Required action
Could you give back every entry below exactly, with the pictures dropped?

Information supplied
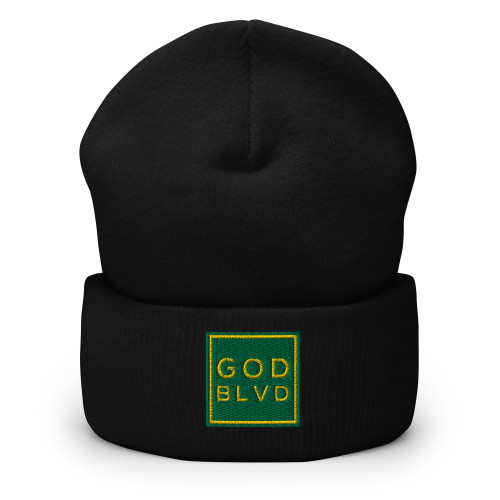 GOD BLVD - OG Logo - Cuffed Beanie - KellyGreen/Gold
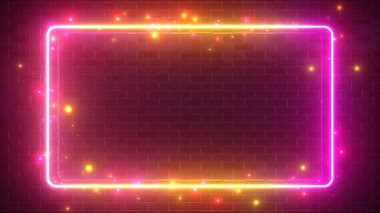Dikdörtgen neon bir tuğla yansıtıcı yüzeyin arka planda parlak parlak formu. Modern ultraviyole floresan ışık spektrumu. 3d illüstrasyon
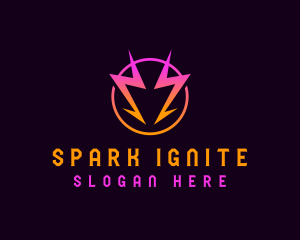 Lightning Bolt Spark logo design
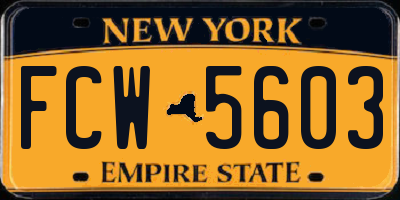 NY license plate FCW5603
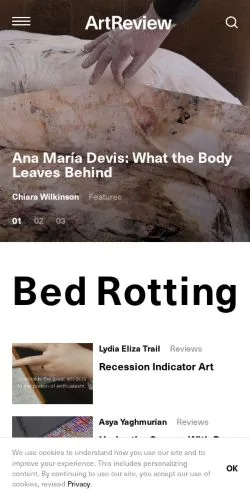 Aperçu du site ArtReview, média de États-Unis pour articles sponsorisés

Result of the task
 GOD BLVD - OG Logo - Cuffed Beanie - KellyGreen/Gold
Dikdörtgen neon bir tuğla yansıtıcı yüzeyin arka planda parlak parlak formu. Modern ultraviyole floresan ışık spektrumu. 3d illüstrasyon
 Lightning Bolt Spark logo design
 NY license plate FCW5603
 Aperçu du site ArtReview, média de États-Unis pour articles sponsorisés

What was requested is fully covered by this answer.